INPUT DATA
..............................

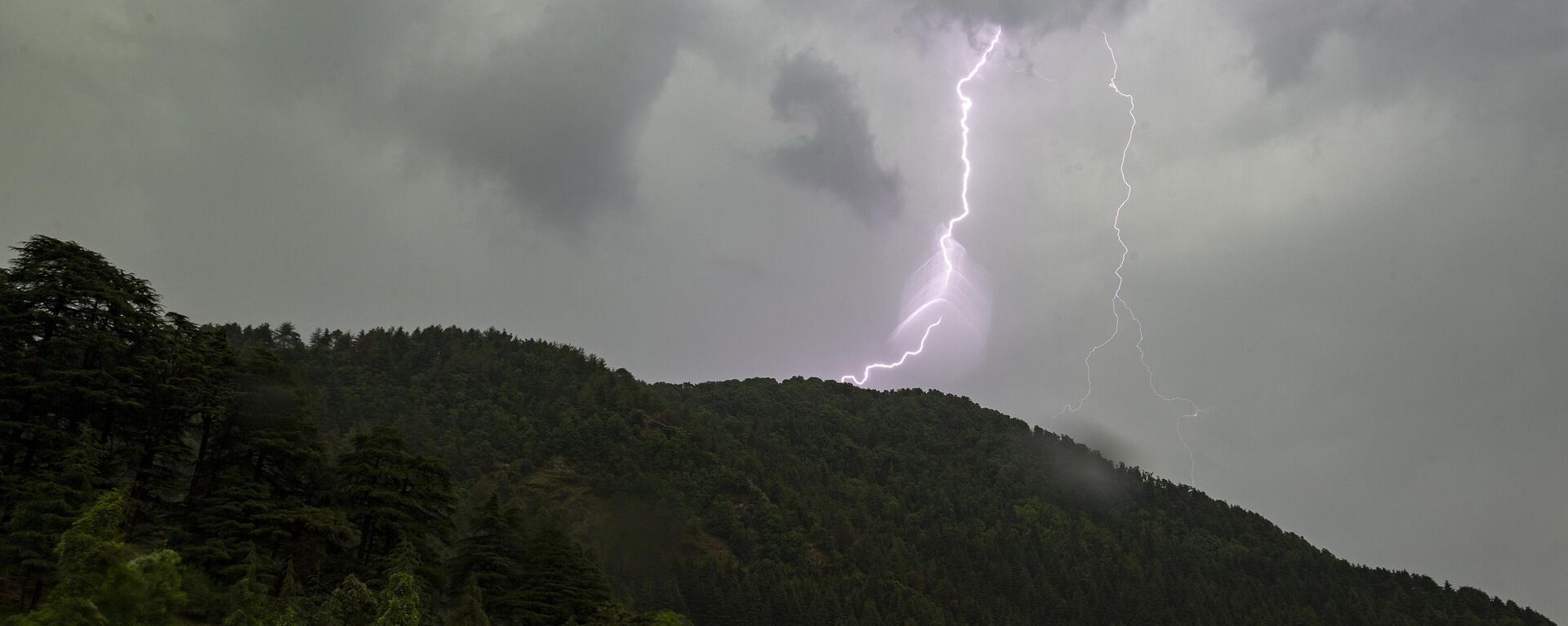 A bolt of lightening is seen above a mountain of the Dhauladhar Range of the Himalayas in Dharmsala, India, Thursday, June 10, 2021. - Sputnik भारत, 1920, 22.02.2023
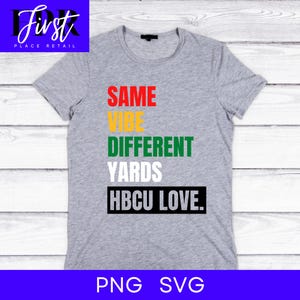 May include: Grey t-shirt with the text "SAME VIBE DIFFERENT YARDS HBCU LOVE." in colourful block letters.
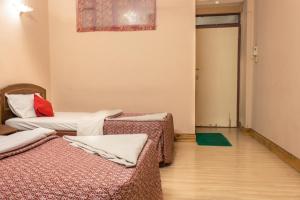 Voodi või voodid majutusasutuse Hotel Kamal toas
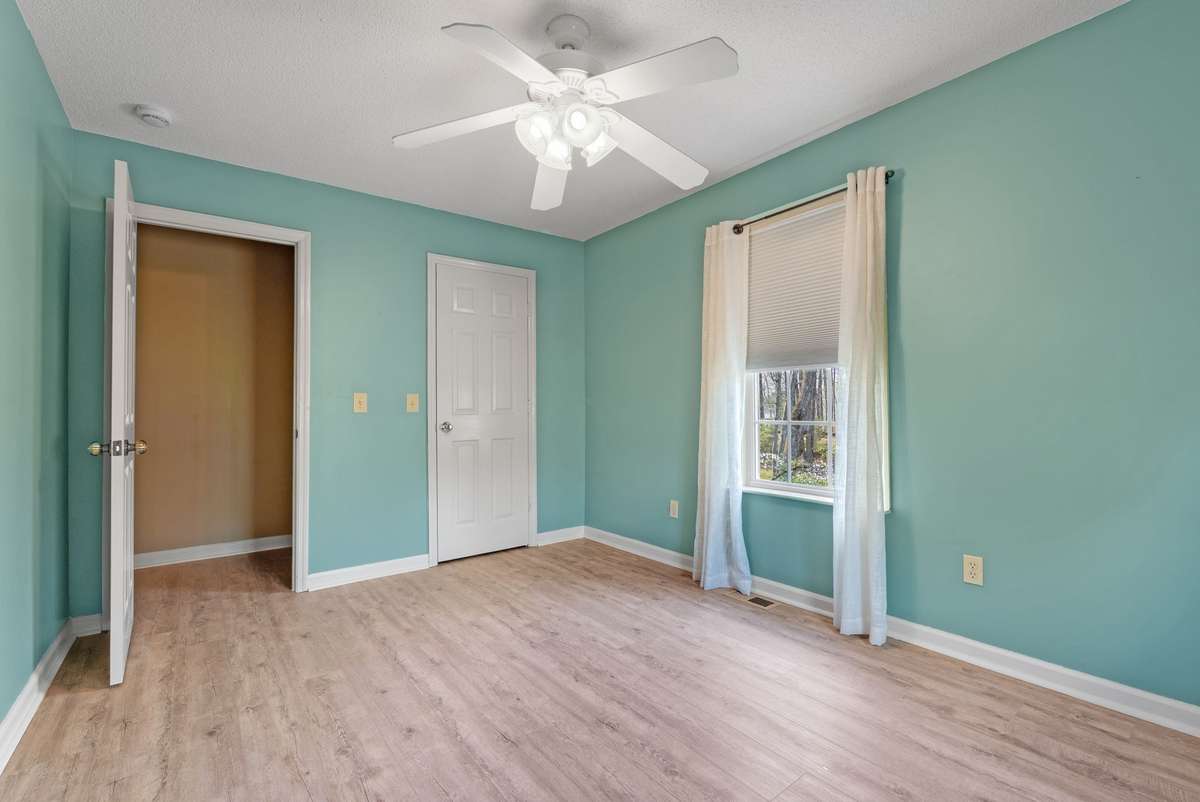Fourth bedroom with large closet, ceiling fan & window! 645 Wildwood Trace, Winchester, TN 37398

..............................

Everything in the listing should be copied exactly, apart from the images it holds.

SOLUTION TO THE EXERCISE
 A bolt of lightening is seen above a mountain of the Dhauladhar Range of the Himalayas in Dharmsala, India, Thursday, June 10, 2021. - Sputnik भारत, 1920, 22.02.2023
 May include: Grey t-shirt with the text "SAME VIBE DIFFERENT YARDS HBCU LOVE." in colourful block letters.
 Voodi või voodid majutusasutuse Hotel Kamal toas
Fourth bedroom with large closet, ceiling fan & window! 645 Wildwood Trace, Winchester, TN 37398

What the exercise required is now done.